By contrast, a flexible 3/4-in. tube, having equal heat transport capacity, can be easily routed through small holes near the center of the joists with very little affect on their strength.

Figure 2

More advice

Here’s yet another statement from the NAHB brief: “If ducts are run perpendicular to floor joints and open-web floor trusses are not used, it may be necessary to construct bulkheads for the duct runs.”

I assume “bulkheads” means framing around the ducting so that it can later be covered over with drywall. An example of this practice is shown in Figure 4.

Duct placement can be a problem even when ducting runs parallel with the joists. Structural cross-bracing, blocking, recessed light fixtures or headers may be in the way. There also could be plenty of wiring and piping to contend with if the plumber or electrician was on the job before the heating contractor.

The NAHB brief provides advice intended to “simplify the process of bringing ducts into conditioned space” but also warns that one of the potential details for doing this -transfer grilles through walls - may not be appreciated by the owners.

1. “Transfer grilles from bedrooms, combined with central returns, simplify the process of bringing ducts into conditioned space.”

2. “When transfer grilles are used, homeowners may be concerned about noise transmission through walls.”

Figure 3

What's the point?

I suspect some of you perceive me as a “duct hater.” Well, I’ll admit that blowing air - a fluid with relatively poor heat transport properties - through conduits that are often difficult to integrate into buildings without aesthetic or structural compromises never made much sense to me. This dilemma is what got me interested in hydronics as the better way to move heat through buildings.

Still, it would be foolish of me to think ducted systems will someday disappear from the HVAC industry. They are certainly needed for ventilation and with a multibillion-dollar-per-year North American industry sustained by their use, I don’t expect them to go away anytime soon.

Solutions such as “ductless” heat pumps provide an alternative to the installation contortions often required with conventional ducts. So do the small diameter flex ducts used in “high-velocity” air handling systems. We’ve designed several systems using the latter in combination with chilled water cooling.

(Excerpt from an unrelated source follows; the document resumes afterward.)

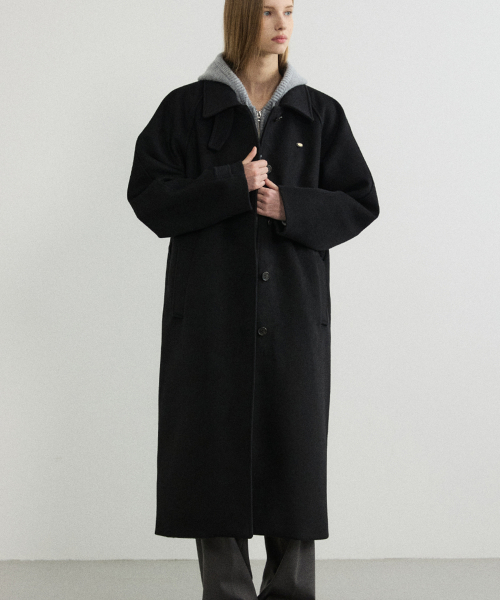 Пальто бальмакаан Lorraine, шерсть, Black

After reading the NAHB and DOE publications on this subject, I felt it was time to remind readers to look at the big picture and recognize several points that support the case for hydronics. Here are a few for your consideration:

  • A properly proportioned duct system is simply not easy to install in a typical wood-framed house. The DOE and NAHB can provide advice such as: “To place ducts in conditioned space, builders use a variety of methods including constructing bulkheads, dropped soffits, tray ceilings, running ducts through open-web floor joists, and placing ducts in closets, conditioned crawlspaces and attics.” But such advice still describes Band-Aids rather than elegant and simple solutions.

  • Yes, forced-air systems can be zoned. If you haven’t done so, I suggest you price out the installed cost of a properly designed, fully automatic, five- or six-zone ducted distribution system. Compare this to the installed cost of a simple five- or six-zone homerun hydronic distribution system using flexible PEX or PEX-AL-PEX tubing, “wireless” thermostatic radiator valves on panel radiators and a single variable-speed ECM circulator. You’re likely to find the hydronic system is the lower-cost option.

  • Compare the operating cost of the blower in a forced-air system with that of a circulator in an equivalent hydronic system. Make it an “apples-to-apples” comparison: Compare a permanent split capacitor blower motor in a furnace or air handler to a PSC-powered wet rotor circulator in the hydronic system. Or compare the operating cost of an ECM blower vs. an ECM circulator.

    My calculations show a properly sized ECM circulator, running at full speed under design load conditions, operating on about 10% the wattage of an ECM blower delivering equal heat transport. In a 20-year life-cycle cost comparison, this difference can be thousands of dollars in electrical savings.

  • When you compare the pricing of a ducted system, be sure to include allowances for extra framing and drywall for soffits, lost floor space or any other structural/cosmetic modifications required to keep the ducting within the thermal envelope.

  • If you give up on routing ducts inside the thermal envelope and relegate them to an unconditioned crawl space or attic, factor in the cost of losing 25+% of the heat produced to that unconditioned space.

  • Figure 4

    Don't miss the opportunity

    Too often we focus on describing the high thermal efficiency of the mod/con boilers we offer without ever mentioning the inherent distribution efficiency, or minimally invasive installation, that  hydronics offers in comparison to forced-air delivery systems. Modern condensing furnaces will always be able to equal or exceed the thermal efficiency of modern boilers when it comes to producing heat.

    However, a properly designed hydronic system can precisely distribute heat through a building using a fraction of the electrical energy required by a forced-air system. It can do this without forcing owners to accept details such as soffits, bulkheads, tray ceilings and transfer grilles just to cover up the heating system.

    Perhaps someday the DOE or NAHB will come out with an advisory publication describing all the benefits of modern hydronics. If that happens, I hope they subtitle it: Stating the obvious.